Counselors can be hard to get to know. They have an unusually rich inner life, but they are reserved and tend not to share their reactions except with those they trust. With their loved ones, certainly, Counselors are not reluctant to express their feelings, their face lighting up with the positive emotions, but darkening like a thunderhead with the negative. Indeed, because of their strong ability to take into themselves the feelings of others, Counselors can be hurt rather easily by those around them, which, perhaps, is one reason why they tend to be private people, mutely withdrawing from human contact. At the same time, friends who have known a Counselor for years may find sides emerging which come as a surprise. Not that they are inconsistent; Counselors value their integrity a great deal, but they have intricately woven, mysterious personalities which sometimes puzzle even them.

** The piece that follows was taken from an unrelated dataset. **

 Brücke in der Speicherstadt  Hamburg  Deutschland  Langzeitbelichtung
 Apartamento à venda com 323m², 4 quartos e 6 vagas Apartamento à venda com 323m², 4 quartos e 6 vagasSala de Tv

Counselors have strong empathic abilities and can become aware of another’s emotions or intentions — good or evil — even before that person is conscious of them. This "mind-reading" can take the form of feeling the hidden distress or illnesses of others to an extent which is difficult for other types to comprehend. Even Counselors can seldom tell how they came to penetrate others’ feelings so keenly. Furthermore, the Counselor is most likely of all the types to demonstrate an ability to understand psychic phenomena and to have visions of human events, past, present, or future. What is known as ESP may well be exceptional intuitive ability-in both its forms, projection and introjection. Such supernormal intuition is found frequently in the Counselor, and can extend to people, things, and often events, taking the form of visions, episodes of foreknowledge, premonitions, auditory and visual images of things to come, as well as uncanny communications with certain individuals at a distance."